Ignition timing, in a spark ignition internal combustion engine, is the process of setting the time that a spark will occur in the combustion chamber (during the power stroke) relative to piston position and crankshaft angular velocity.

Setting the correct ignition timing is crucial in the performance of an engine. The ignition timing affects many variables including engine longevity, fuel economy, and engine power. Modern engines that are controlled by an engine control unit use a computer to control the timing throughout the engine's RPM range. Older engines that use mechanical spark distributors rely on inertia (by using rotating weights and springs) and manifold vacuum in order to set the ignition timing throughout the engine's RPM range. There are many factors that influence ignition timing. These include which type of ignition system is used, engine speed and load, which components are used in the ignition system, and the settings of the ignition system components. Usually, any major engine changes or upgrades will require a change to the ignition timing settings of the engine.

RULE OF THUMB:

A good rule of thumb to follow when taking a naturally aspirated vehicle into the realm of boost when it comes to timing is to retard the timing initially to safe yourself from experiencing knock/deto. Typically a globally accepted value of timing retard for boost is:
For every 1psi of boost added take away 1.5 degrees of timing. Keep in mind this amount of timing retard may vary (increase or decrease per PSI) depending on the motors starting compression. On the V6 motor of 10:2:1 compression I would recommend using 2 degrees retard per PSI of boost, 9 : 5 : 1 or 9:2:1 use 1.5 degrees of retard for each PSI of boost and 8’s and below use 1 degree.
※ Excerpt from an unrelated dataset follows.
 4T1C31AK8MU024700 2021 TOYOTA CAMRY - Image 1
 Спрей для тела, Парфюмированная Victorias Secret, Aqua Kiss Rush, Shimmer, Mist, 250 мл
This rule of thumb is in no way gonna make the most power initially but it will generally run you motor safely while you dial in your AFR. Once you target afr is met. Begin dialing up the Timing advance a degree or two until you are not making anymore noticeable power or u begin to hear or feel ping/knock/deto then retard it 2 degrees and you should be good.

WEATHER CONDITIONS: (WOT Air Fuel Tuning)

Anyone who assumes that the tunes can be left alone once they have been set is sadly mistaken. An overnight change in weather conditions may prevent an engine from running or may put it at risk of some damage if adjustments aren’t made to the fuel-mixture settings. While its highly uncommon, but has happened to not have a car start due to cold weather and etc. it can happen. Ignoring an engine’s tuning needs compromises its ability to make horsepower and at time can lead to detrimental engine damage. In response to certain changes in weather, equipment and other variables, engines must be regularly retuned, or at the minimum have a couple different tunes for different weather and driving conditions.

Temperature:

Hot weather requires a leaner mixture setting; cold weather requires a richer setting. Most people assume the opposite because they treat the mixture adjustments like a thermostat.

IE- the temperture goes up, you add more fuel, the temperture goes down, you take away fuel. It is wrong to assume that colder weather requires a leaner setting to keep heat in the engine and vice versa.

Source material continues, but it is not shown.